Footnote # 1 for 60 FLRA No. 6 - Authority's Decision

   The separate opinion of Member Pope, dissenting in part, is set forth at the end of this decision.


Footnote # 2 for 60 FLRA No. 6 - Authority's Decision

   The wording of Article 13, Section 1 of the parties' agreement does not appear in the record.


Footnote # 3 for 60 FLRA No. 6 - Authority's Decision

   Article 1, Section 3 provides, in pertinent part:

The Department will not bypass the Union by entering into any formal discussions or agreements with other employee organizations or bargaining unit employees concerning all matters affecting personnel policies, practices, or working conditions . . . .
The Union will be given the opportunity to be represented at all formal discussions (including those held with other employee organizations) affecting personnel policies, practices, or working conditions. . . .

Award at 16-17.


Footnote # 4 for 60 FLRA No. 6 - Authority's Decision

   The caption to the Agency's argument states that the Arbitrator's alleged mistake of fact "deprived the [Agency] of its right to discipline employees[,]" but does not cite § 7106 of the Statute or provide any argument in this regard.

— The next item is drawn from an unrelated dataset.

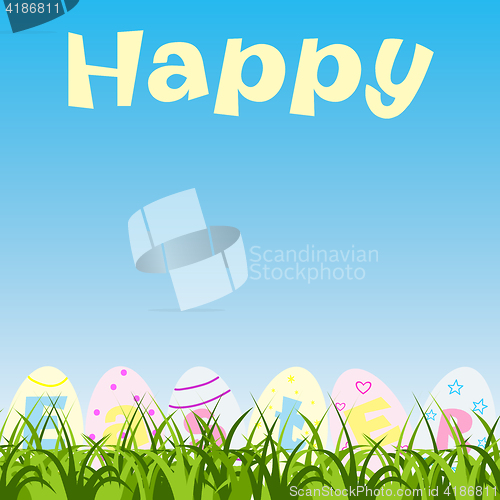 Image of Happy Easter greeting card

Exceptions at 4. As such, to the extent that the Agency's claim could be construed as asserting that the award is contrary to the Agency's right to discipline, we reject that claim as a bare assertion. See, e.g., United States Dep't of Energy, S.W. Power Admin., Tulsa, Okla., 56 FLRA 624, 626 (2000) (citing United States Dep't of the Treasury, United States Customs Serv., El Paso, Tex., 55 FLRA 553, 558 n.3 (1999)).